For the entries below, the result should be an exact transcription of the lines from the one with "Division Brandebourg : les" up to and including the one with "Livro Terceiro Setor", and only those.

The data:
___
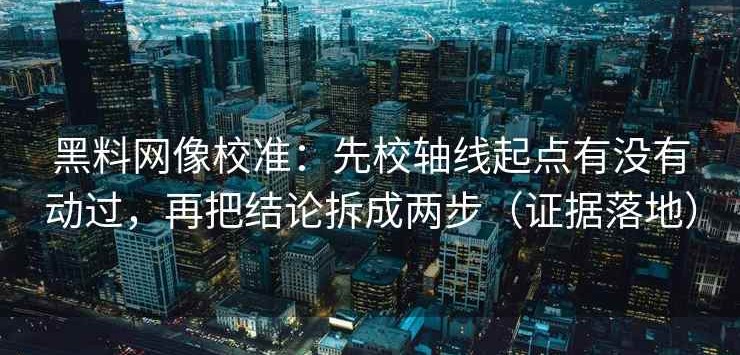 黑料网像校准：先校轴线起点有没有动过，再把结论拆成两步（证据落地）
___
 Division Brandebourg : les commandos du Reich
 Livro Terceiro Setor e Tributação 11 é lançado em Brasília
___
Answer space:
 Division Brandebourg : les commandos du Reich
 Livro Terceiro Setor e Tributação 11 é lançado em Brasília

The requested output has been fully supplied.